Objective FR167653 is a potent inhibitor of p38 mitogen-activated protein kinase (MAPK) and inhibits tumor necrosis factor α (TNFα) and interleukin-1β (IL-1β) production in inflammatory cells. In this study we investigated the effect of FR167653 on collagen-induced arthritis (CIA). Methods Rats with CIA were subcutaneously injected with FR167653 (32 mg/kg/day) starting on the day of the booster injection (day 7) in the prophylactic treatment group and after the onset of arthritis (day 21) in the therapeutic treatment group. Hind-paw swelling, body weight, radiographic and histologic scores, and osteoclast number were evaluated. Cytokine levels in the serum and tissue were assessed by enzyme-linked immunosorbent assays. Flow cytometric analysis of T lymphocytes from bone marrow was performed. The effect of FR167653 on in vitro osteoclast formation induced by soluble receptor activator of nuclear factor κB ligand (sRANKL) and TNFα was examined. Results Swelling of hind paws and loss of weight occurred in the CIA rats, but this was not evident in the prophylactic treatment group. Therapeutic treatment also significantly reduced paw swelling.

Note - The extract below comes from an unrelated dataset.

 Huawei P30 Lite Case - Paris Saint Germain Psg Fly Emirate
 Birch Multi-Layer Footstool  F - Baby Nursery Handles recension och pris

The mean radiographic and histologic scores as well as the osteoclast numbers were significantly lower in the treatment group than in the CIA rats without treatment. FR167653 treatment reduced the serum levels of TNFα and IL-1β, lowered the IL-1β concentration in the ankle joints, and decreased the CD4−,CD8a+ T cell population in bone marrow. Furthermore, FR167653 inhibited the osteoclast-like cell differentiation induced by both sRANKL and TNFα in vitro. Conclusion FR167653 prevents the onset of arthritis in a prophylactic treatment model and suppresses the progression of joint destruction in a therapeutic treatment model, suggesting that p38 MAPK is a potential therapeutic target for rheumatoid arthritis.